Liverpool Sound and Vision Rating * * * *
There are moments, polished, sincere but approachable and with the sly upturned grin of an aged valet who anticipates your every whim and desire; that you have to wonder whether fate, destiny or kismet knows exactly what you need at the exact right time. When listening to John Jenkins and That Sure Thing’s album, Intruders, it could be tempting to take a sneak peak out of the window and check to see if providence is keeping a wary eye on you.
Intruders seems to pay so much homage that the songs seem wonderfully recognisable, the foot taps out a distant memory of notes that have played in the ether and yet the foot, the memory is wrong, this is a set of songs that are so unique, so exclusive, that a Panda Bear wearing a flat cap and walking a whippet wouldn’t be able to get into an afternoon’s meet for Yorkshire Penguins racing their hounds round Leeds.
Intruders is not just a collection of songs neatly delivered into the hands of the admirer by Kismet, it is an assembly of musicians put together with the precision of a skilled professional. With contributions from the likes of Andy Dyson, Rachel Gore, Jo Smullen, John Kennedy, Paul Clements, David Goldberg and Steve Owen, the album sounds more smooth than a make of chocolate being pampered in a bath and stepping into the realms of musical genius quicker than Bach turning round to his wife and uttering the words, “Quick, write this down.”

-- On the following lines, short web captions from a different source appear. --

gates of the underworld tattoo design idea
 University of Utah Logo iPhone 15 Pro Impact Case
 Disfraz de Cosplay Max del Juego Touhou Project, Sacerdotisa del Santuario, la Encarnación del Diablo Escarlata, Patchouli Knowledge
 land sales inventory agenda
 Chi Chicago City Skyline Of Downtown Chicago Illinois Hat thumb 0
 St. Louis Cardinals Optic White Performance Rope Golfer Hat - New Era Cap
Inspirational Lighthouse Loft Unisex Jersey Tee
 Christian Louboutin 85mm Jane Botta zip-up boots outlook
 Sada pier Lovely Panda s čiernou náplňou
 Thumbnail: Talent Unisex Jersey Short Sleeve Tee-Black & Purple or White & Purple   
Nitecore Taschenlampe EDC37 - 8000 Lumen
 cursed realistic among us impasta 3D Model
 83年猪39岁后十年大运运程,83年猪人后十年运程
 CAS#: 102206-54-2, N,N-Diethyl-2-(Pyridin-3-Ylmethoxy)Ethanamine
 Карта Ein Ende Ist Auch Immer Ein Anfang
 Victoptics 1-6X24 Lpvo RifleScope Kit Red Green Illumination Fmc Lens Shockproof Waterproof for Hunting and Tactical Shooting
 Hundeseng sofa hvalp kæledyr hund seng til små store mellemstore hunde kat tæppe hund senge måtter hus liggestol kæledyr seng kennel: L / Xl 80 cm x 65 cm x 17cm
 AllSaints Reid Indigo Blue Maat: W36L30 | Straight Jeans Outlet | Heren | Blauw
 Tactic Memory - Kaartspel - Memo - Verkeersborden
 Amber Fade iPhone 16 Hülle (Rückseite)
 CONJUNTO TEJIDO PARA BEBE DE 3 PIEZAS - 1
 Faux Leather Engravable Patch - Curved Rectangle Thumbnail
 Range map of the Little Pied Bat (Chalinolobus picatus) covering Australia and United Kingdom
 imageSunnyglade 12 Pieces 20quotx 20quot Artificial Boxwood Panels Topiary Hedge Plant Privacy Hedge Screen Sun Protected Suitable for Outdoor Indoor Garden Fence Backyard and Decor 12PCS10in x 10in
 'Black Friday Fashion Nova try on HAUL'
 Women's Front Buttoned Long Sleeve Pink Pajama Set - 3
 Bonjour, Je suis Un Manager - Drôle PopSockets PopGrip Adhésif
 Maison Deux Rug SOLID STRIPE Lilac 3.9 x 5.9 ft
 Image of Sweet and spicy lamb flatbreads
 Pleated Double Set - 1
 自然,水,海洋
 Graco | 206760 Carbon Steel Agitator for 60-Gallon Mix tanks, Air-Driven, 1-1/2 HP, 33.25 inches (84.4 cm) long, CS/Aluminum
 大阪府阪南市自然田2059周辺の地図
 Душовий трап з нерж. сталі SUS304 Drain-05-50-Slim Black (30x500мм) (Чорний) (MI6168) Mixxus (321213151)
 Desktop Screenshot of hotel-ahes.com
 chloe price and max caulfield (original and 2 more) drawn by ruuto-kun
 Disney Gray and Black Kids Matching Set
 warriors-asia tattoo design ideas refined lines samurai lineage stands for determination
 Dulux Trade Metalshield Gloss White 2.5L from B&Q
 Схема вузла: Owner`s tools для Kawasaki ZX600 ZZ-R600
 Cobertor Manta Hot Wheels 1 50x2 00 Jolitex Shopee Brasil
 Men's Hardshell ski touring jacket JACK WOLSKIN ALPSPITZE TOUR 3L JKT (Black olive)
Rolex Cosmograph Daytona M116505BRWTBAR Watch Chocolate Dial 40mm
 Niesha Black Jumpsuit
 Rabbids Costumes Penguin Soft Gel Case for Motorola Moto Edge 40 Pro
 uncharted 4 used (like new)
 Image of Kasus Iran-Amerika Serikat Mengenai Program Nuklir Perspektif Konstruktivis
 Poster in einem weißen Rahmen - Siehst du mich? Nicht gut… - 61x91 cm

Some albums are meant to touch in ways that others cannot or will never do. It may perhaps, depend on your mood, the attitude to openness at the time of musical delivery, however the best albums, the novel ones that gently hold your hand no matter the storm going on outside and tell you that all will be well, catch you with breathe poised and ready to be let go with dignity, any time of day or night.
Songs such as Nothing Hurts Like The Truth, When She’s Looking Straight Into My Eyes, Is It Love, the brilliant Midnight Driving and Radio KBCA all make Intruders a joyful act in which is hard to follow. At times as silicate as a butterflies wing gracefully catching the edge of a sea breeze, and at other times packing a harder punch than a 30 stone kangaroo who has remained undefeated and undetected in the Heavy Weight Championship of the World. Intruders is arguably a tremendous moment for John Jenkins and his marvellous accomplices. Kismet really knows how to spoil you rotten.